You may find a number of these contradictory beliefs popping up in your above belief lists of positive and limiting beliefs. It's always interesting to notice them and very powerful to change the limiting beliefs that contradicts the positive. For instance you can adopt a belief that money is an amazing resource for doing good (rather than being evil) and that good things always happen to good people and to you (rather than bad).
You may say at this stage that while you have evidence for your limiting beliefs, you have limited if any evidence for its opposite positive belief so how then can you just believe the positive? Again the answer lies in how the subconscious mind works and how your experience of reality is created as a result of your subconscious beliefs. In other words, the evidence you have for your limiting beliefs is because you have those beliefs to begin with, not the other way around. Your circumstances are the effect, not the cause—the belief is the cause.
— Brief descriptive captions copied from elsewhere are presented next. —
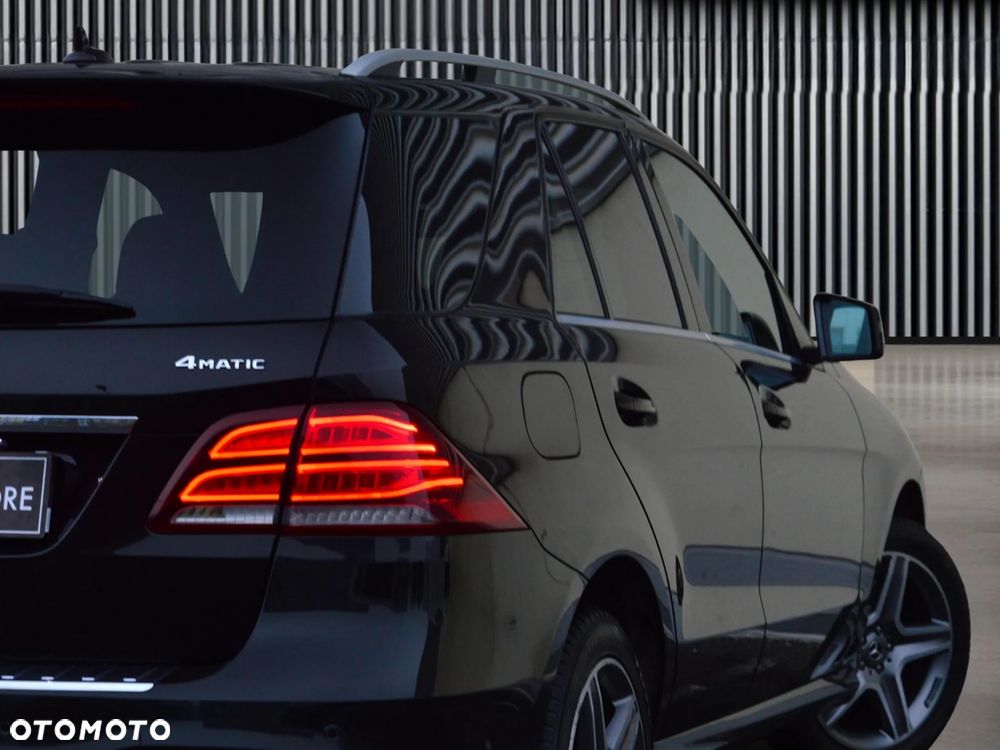 Mercedes-Benz GLE - 11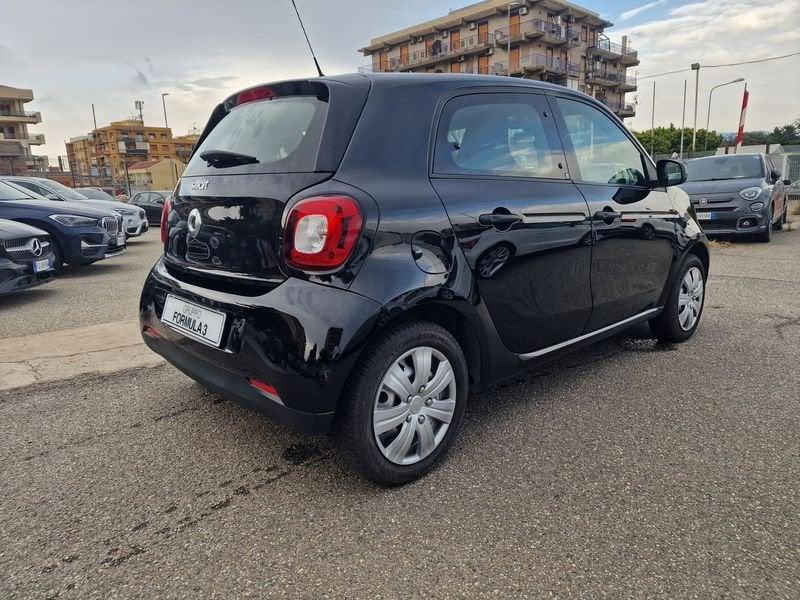 smart forfour 70 1.0 Youngster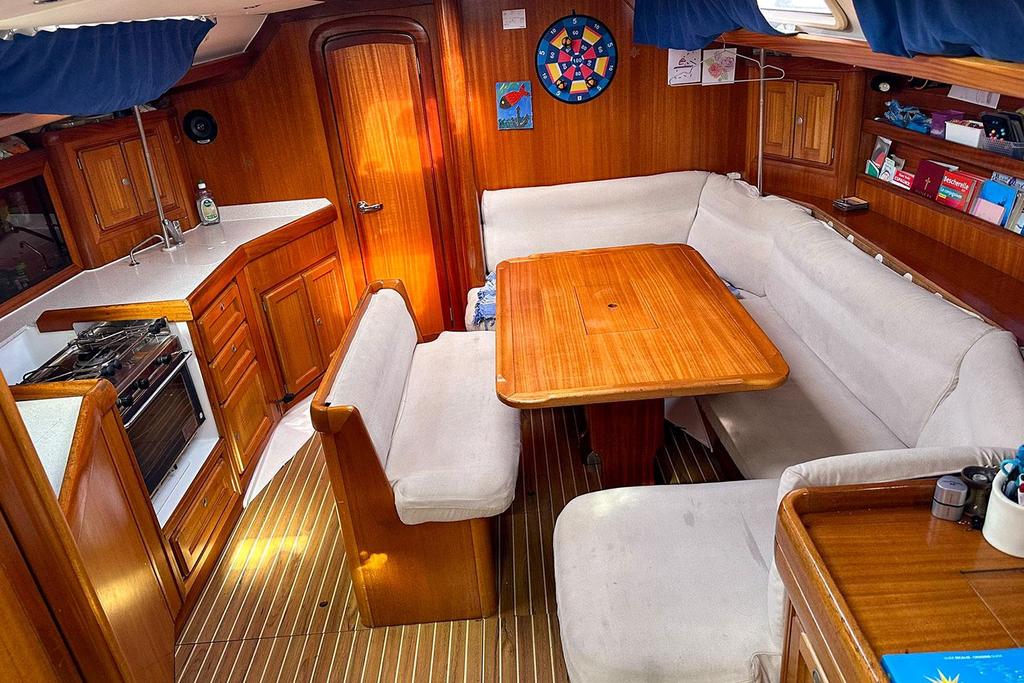 Dufour 41 Classic <br>2000 - Image 11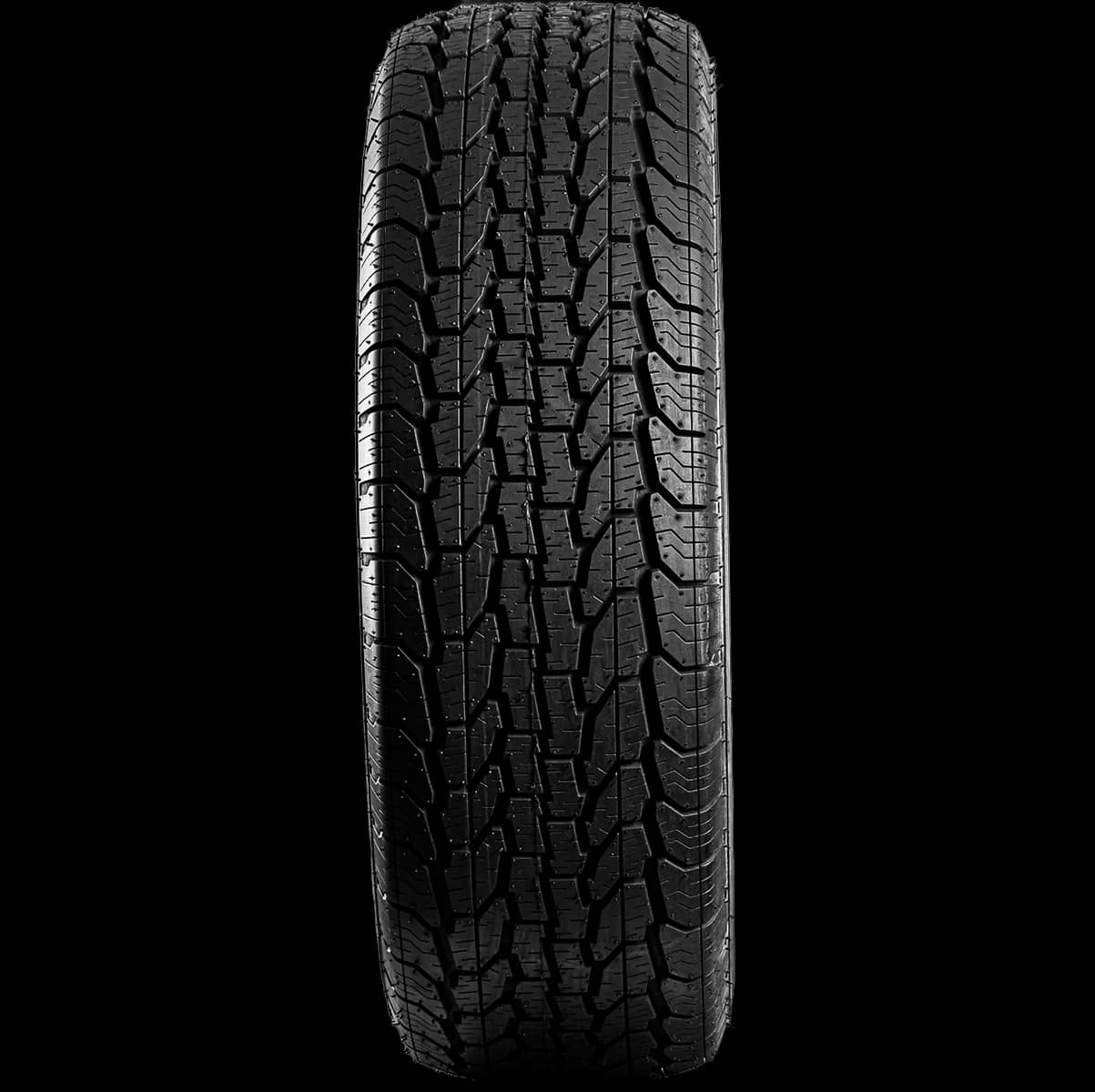 Nika Vastera A/T 17" front tire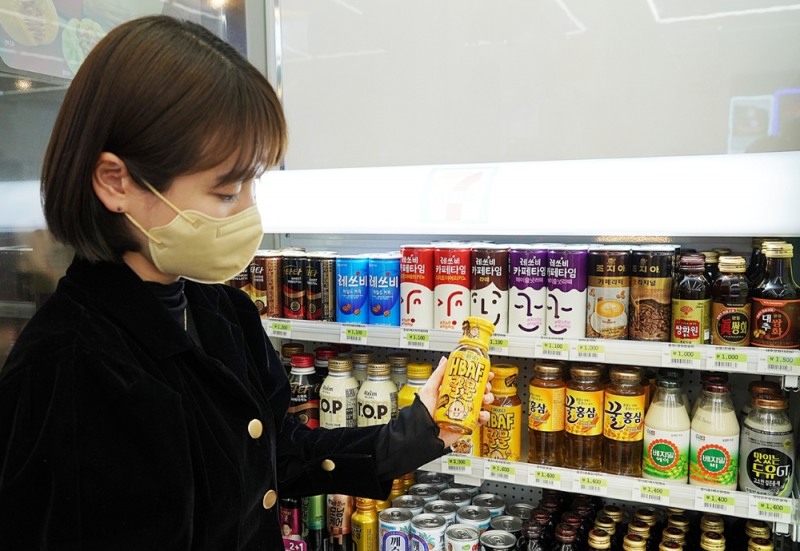 세븐일레븐, 방한용품 매출 전년 동기대비 58.8% ↑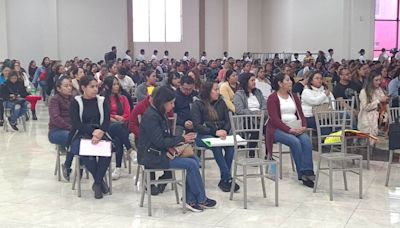 Avance del 98 por ciento en auditorias a beneficiarias del programa La Escuela es Nuestra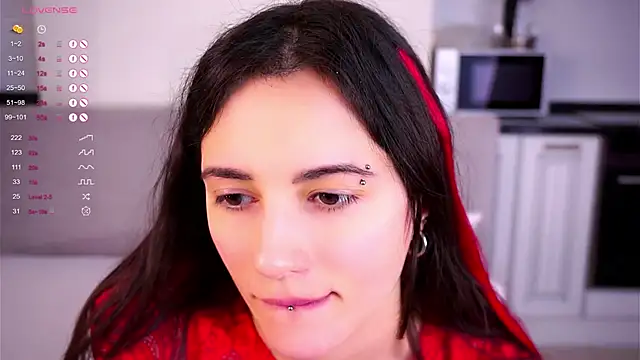 Holla Molly online show from 02-23-25, 08:39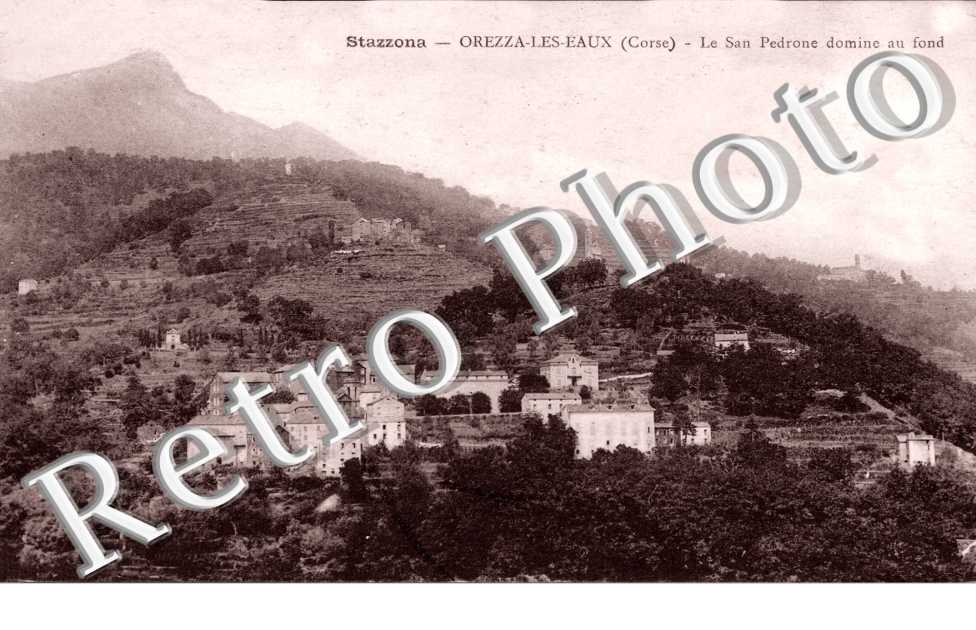 Orezza les eaux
As you commit to changing your limiting beliefs and adopting their opposite equivalent positive beliefs, then your reality will start to reflect that change. And as your experiences become more and more positive in line with the new positive beliefs, so the old limiting beliefs will lose its power for lack of evidence. And the time will come when you are surrounded with evidence for the positive beliefs and the limiting beliefs will feel like a distant memory that have nothing to do with your experience. What matters is what you believe!
Having completed the 6 steps in this article to identify your core beliefs, you can begin your journey to change the limiting beliefs by actively reprogramming your mind using the powerful techniques detailed in the third article in this three-part series. Before reading the article, I just want to remind you to keep it light. Have fun and enjoy the process. Don't over-think, don't over-analyze.
In the humorous words of Oscar Wilde, "Life is much too important to be taken seriously." By refusing to take your limiting beliefs too seriously, you make them less serious. It's far easier to change what you approach light-heartedly than something you believe is heavy and serious. Your belief in its seriousness alone is enough to weigh it down, sometimes making it seem impossible to move. So keep it light and have fun!